Merecia de todos nós, respeito e admiração.  Era o nosso amado Seu Bidão.  O nome deste homem feio, era Jessé. Seu Jessé para ser mais conveniente. Não sei de onde ele era ou de onde veio, mas o “boato verdadeiro” que se espalhou pelas ruas, era de que iriam instalar um projetor cinematográfico no salão ao lado do Bar União, cujo proprietário não era outro senão, o bom e velho Bidão.  A notícia caiu como uma bomba de confetes coloridos, adornados de amor e uma alegria sem fim no meio da molecada, inclusive eu. A primeira exibição com o tal projetor de cinema, foi no Clube Social Barrense, pois o futuro Cine União, ainda não estava pronto.  Faltavam cadeiras, pintura e principalmente a tela para mostrar os artistas trocando socos, atirando com revólveres cujas balas nunca se acabavam ou dando beijos inocentes nas mocinhas faceiras, sempre bem bonitinhas, com belas tranças enfeitando o rosto.  Bons tempos.

O cinema de seu Bidão, foi uma das coisas mais importantes da minha vida juvenil. Parelha equiparada com os banhos no açude e as nossas brincadeiras com bolas de gude e jogar piões na velha praça Nestor Coelho. Me fez conhecer o mundo lá fora, além dos limites interioranos onde eu vivia.

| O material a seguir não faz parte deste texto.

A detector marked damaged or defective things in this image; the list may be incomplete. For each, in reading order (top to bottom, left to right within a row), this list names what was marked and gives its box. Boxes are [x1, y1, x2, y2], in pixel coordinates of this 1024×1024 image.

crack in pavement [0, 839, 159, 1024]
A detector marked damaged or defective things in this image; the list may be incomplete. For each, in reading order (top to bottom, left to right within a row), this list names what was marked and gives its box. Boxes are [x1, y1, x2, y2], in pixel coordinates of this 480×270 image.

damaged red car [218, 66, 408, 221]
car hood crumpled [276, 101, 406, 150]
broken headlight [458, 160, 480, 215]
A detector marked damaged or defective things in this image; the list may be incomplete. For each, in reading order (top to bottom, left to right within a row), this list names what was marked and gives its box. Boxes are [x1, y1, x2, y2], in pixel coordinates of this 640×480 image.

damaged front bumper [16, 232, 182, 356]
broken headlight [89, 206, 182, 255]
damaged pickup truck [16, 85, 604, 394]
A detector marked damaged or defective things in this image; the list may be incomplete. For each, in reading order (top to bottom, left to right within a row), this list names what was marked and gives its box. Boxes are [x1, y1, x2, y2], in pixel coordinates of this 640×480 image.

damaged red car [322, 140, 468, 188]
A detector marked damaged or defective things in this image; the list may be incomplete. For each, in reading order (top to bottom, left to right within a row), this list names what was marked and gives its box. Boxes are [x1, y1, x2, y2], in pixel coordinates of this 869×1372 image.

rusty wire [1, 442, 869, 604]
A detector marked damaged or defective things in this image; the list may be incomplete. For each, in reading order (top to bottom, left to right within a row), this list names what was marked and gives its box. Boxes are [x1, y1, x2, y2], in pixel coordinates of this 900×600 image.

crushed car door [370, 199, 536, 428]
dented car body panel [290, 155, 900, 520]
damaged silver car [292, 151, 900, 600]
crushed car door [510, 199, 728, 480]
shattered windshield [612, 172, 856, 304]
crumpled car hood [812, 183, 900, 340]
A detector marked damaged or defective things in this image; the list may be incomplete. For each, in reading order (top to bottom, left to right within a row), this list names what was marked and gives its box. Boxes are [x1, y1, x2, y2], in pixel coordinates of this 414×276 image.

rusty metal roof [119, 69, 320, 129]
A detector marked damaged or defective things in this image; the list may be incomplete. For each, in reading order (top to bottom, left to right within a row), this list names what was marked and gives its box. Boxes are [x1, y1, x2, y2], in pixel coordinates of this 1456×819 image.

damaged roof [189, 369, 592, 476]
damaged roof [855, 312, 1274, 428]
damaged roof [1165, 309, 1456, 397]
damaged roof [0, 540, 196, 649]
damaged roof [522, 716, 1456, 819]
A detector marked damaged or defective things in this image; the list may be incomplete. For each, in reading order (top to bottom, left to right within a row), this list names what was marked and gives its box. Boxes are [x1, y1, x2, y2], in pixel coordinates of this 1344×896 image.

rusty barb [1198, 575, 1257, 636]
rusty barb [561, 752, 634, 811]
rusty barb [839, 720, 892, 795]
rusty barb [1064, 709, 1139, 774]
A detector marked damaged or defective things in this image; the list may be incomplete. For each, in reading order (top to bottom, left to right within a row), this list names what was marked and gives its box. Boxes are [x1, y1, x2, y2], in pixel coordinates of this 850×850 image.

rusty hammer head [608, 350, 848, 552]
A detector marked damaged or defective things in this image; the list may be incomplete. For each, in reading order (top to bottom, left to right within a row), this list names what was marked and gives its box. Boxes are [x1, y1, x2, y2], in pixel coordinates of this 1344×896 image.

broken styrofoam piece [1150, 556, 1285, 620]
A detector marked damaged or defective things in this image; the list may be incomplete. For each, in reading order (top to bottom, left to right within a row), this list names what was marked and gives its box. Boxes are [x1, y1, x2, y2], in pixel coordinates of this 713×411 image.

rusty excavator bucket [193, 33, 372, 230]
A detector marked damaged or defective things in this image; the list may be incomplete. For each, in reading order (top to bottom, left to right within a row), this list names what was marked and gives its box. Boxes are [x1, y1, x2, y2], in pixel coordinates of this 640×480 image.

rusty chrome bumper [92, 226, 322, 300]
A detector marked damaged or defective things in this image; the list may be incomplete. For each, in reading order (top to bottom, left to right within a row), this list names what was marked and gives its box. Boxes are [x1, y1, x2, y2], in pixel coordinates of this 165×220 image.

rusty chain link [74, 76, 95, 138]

Conheci a América, cuja cultura dos seus Cowboys é única no planeta,

Conheci o início do mundo civilizado no oriente e no ocidente, misturando costumes, travando lutas pelo direito de usurpação e poder, essa vontade humana, esta ânsia animalesca que parece não ter fim. Foi no cinema, que conheci as produções dos grandes estúdios, mostrando as mentiras e verdades do começo da civilização humana.

Em terras tupiniquins, mais precisamente no Rio de Janeiro, o deleite coletivo da molecada com as “chanchadas” da Atlântida. Fitas adocicadas com roteiros caramelizados e praticamente no elenco, os mesmos atores e atrizes. Abençoadas sejam estas almas do bem, que tantas alegrias doaram em vida e agora em descanso eterno, a reverência respeitosa é profundamente merecida.

Oscarito, Grande Otelo, Eliana, Renato Restier, Dercy Gonçalves, Wilson Grey, José Lewgoy, Zezé Macedo, Sônia Momed, Cill Farney, Ankito, enfim, a lista é por demais extensa, impossível nominar a todos.

Até hoje, continuo cinéfilo de carteirinha.

Uma citação obrigatória quando falo do Cine União, é do meu amigo Helinho, filho de seu Bidão. Quando nos víamos, falávamos dos mesmos filmes, dos mesmos atores e atrizes, das mesmas coisas de sempre, uma conversa que se repetia a cada ano que visitava a nossa terrinha vermelha.

 

Carlos Karoá, amante de música e cinema, também tem paixão pelo universo das letras. Em 1970, deixou Morro do Chapéu com destino a Salvador, como fazia todo jovem interiorano daquela época. Hoje aposentado, retorna à nossa cidade em busca de uma vida mais tranquila. Gosta de escrever crônicas e pequenos contos, sejam eles verdadeiros ou não.